Very interesting viewpoint. Did you have an adoptive mother, too? The wording on that was so unique I wasn’t sure what your situation was. The common thread I am reading today about adoption by adult adoptees seems to be the notion of loss (which of course there is loss), but I don’t read too much about gain (although I do hear that in person from my own children who were adopted). I like the idea of looking at adoption through a feminist lens, as well as other lenses, too.
The author identifies herself as a woman with an adoptive father. What exactly does that mean? Is this a step-parent adoption? She says both of her parents are white like her. Does that mean she has remained with her original moither?

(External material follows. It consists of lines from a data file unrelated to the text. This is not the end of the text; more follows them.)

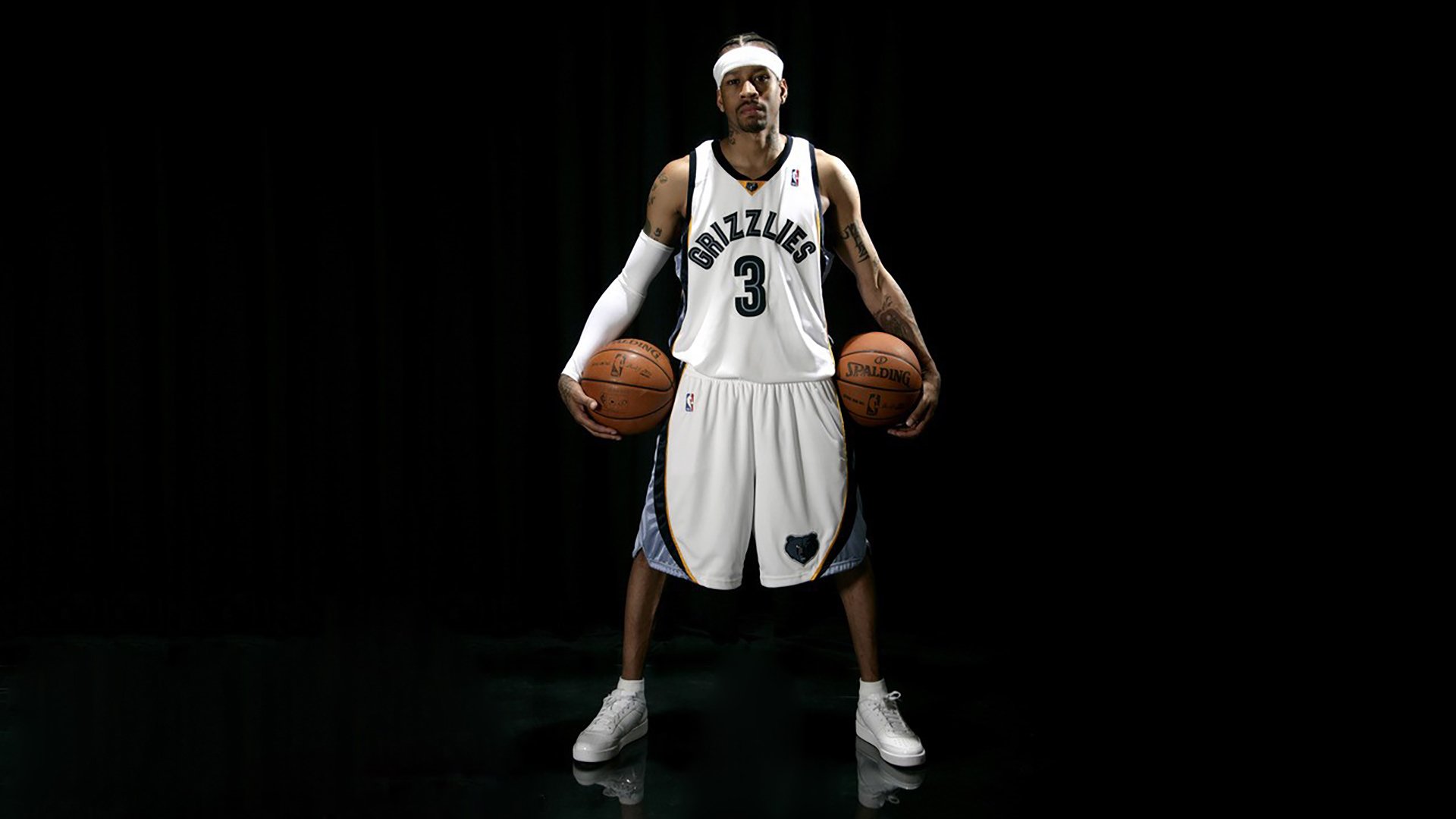 巅峰对决！扣篮大赛上演史诗级表演，新星力压群雄夺冠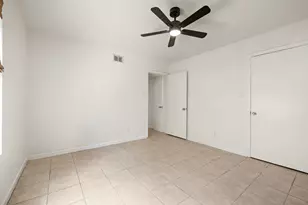 1700 Houston St #202, Austin, TX 78756 - Photo 15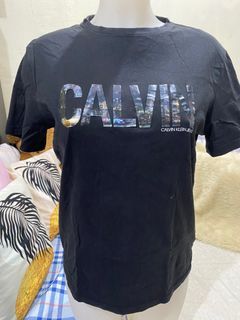 Preloved Calvin Klein Tshirt
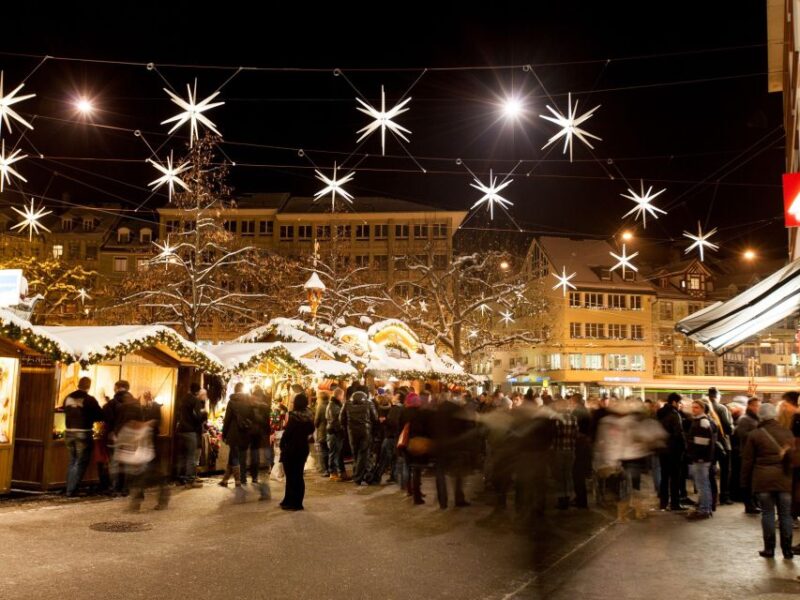 Christmas Tour in the City of Stars - Meeting Location Details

All unclear from this article.
Each of us has a personal perpsective, but there are also sociological observations and generalizations that are fair to make and are not negated by anectodal stroie tot he contrary. For instance, that any one idividual may have a great divorce experience does not negate that divorce is painful and costly in a multitude of ways.
Ms. Matson is in over head discussing adoption. She has done little research into this subject. Parents are never forced to “sell” their children.

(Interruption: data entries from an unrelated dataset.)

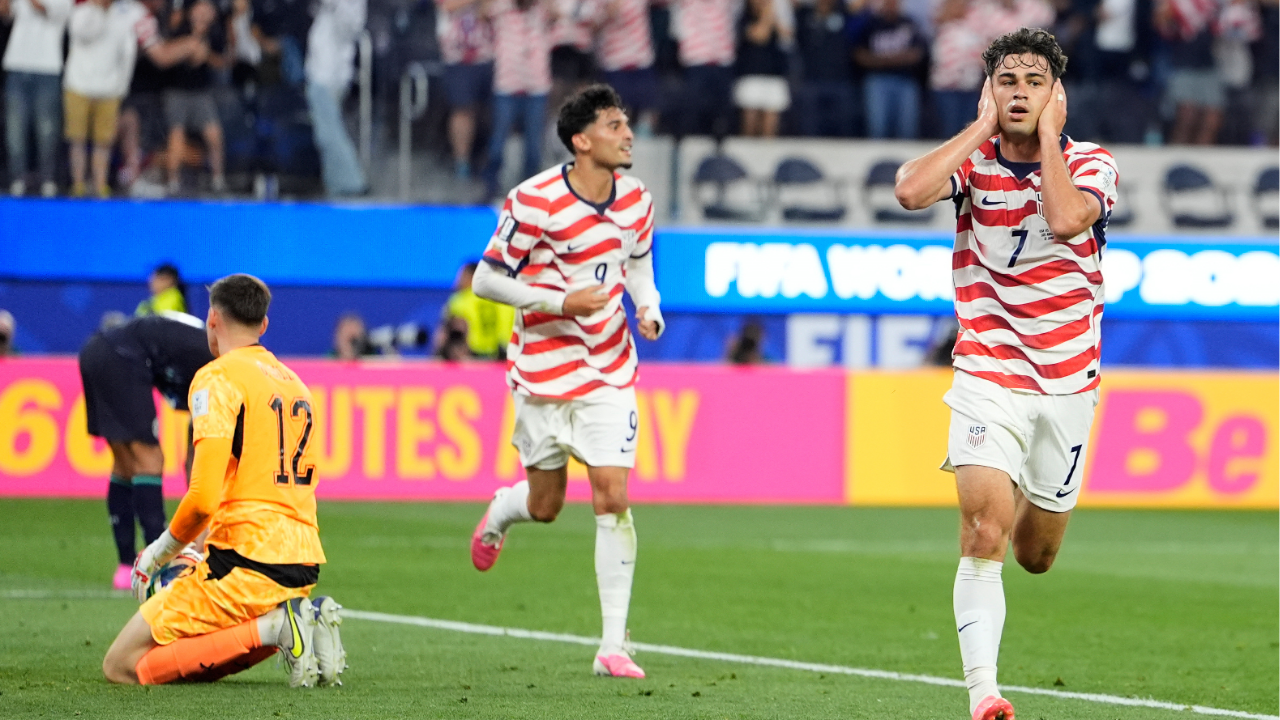 United States' Giovanni Reyna, right, reacts after scoring his team's fourth goal during the World Cup Group D soccer match between the United States and Paraguay in Inglewood.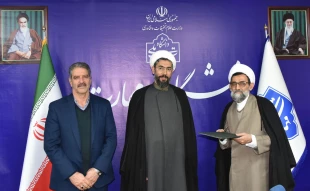با حضور حجت‌الاسلام و المسلمین دکتر مصطفی رستمی، دکتر زمانی و اعضای هیئت رئیسه دانشگاه برگزار شد:

مراسم معارفه مسئول نهاد نمایندگی مقام معظم رهبری در دانشگاه ملی مهارت 20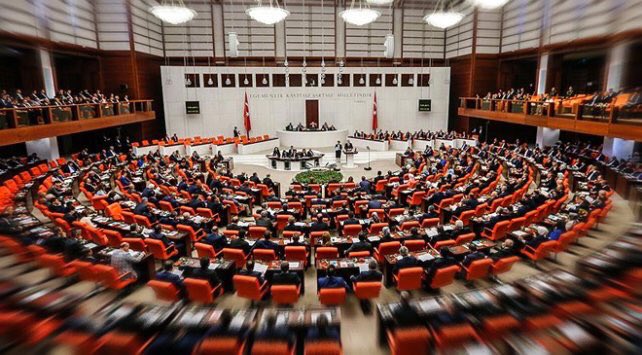 TBMM Genel Kurulu olağanüstü toplantısında Irak ve Suriye'ye sınır ötesi operasyon yetkisi verdi.Tezkere ülkemize ve bölgemize hayırlı olsun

Claiming to be a feminist, matson totally misses the boat by bekleiving the myth that women would be “willing throughout their pregnancies to give a very big gift to a couple they’ve chosen.” She tops this by thinking: “I can’t understand how to frame that as loss.”
Again to use divorce as an anology, initiators of divorce are not immune from suffering loss and pain!
I hope that Matson reads Somebody’s Children by Laura Briggs, Wake up Little Susie by Ricki Solinger, The Girls who Went Away by Ann Fessler, and Reverse Robinhoodism by Riben and Wright. http://tinturl.com/pittingwomen
Another good read: Adoption is a Feminist Issue by Shannon Cate
http://adoptionvoicesmagazine.com/feminist-mother/adoption-is-a-feminist-issue/
“Adoption is most certainly a feminist issue.
“The main reason I see it this way is because of the way adoption pits women against each other, lining them up in race and class and other categories that give or deny privilege (marital status, education level, age…), and asking them to be divided–and thus conquered. Adoption as it has been practiced in the last century in the U.S. has made mothering a zero-sum game in which some mothers are worthy, some are not and There Can Be Only One. I have argued on this blog and elsewhere that this notion of motherhood being such an iconoclastic and unitary thing allows for the demonizing/cannonizing dichotomy that hurts all women, even the ones it seems to be raising to sainthood. Because if there’s a pedestal, held up by broken and unworthy women below, the woman standing on it has to watch her every move or she risks falling right off and into the fray at any and every moment.”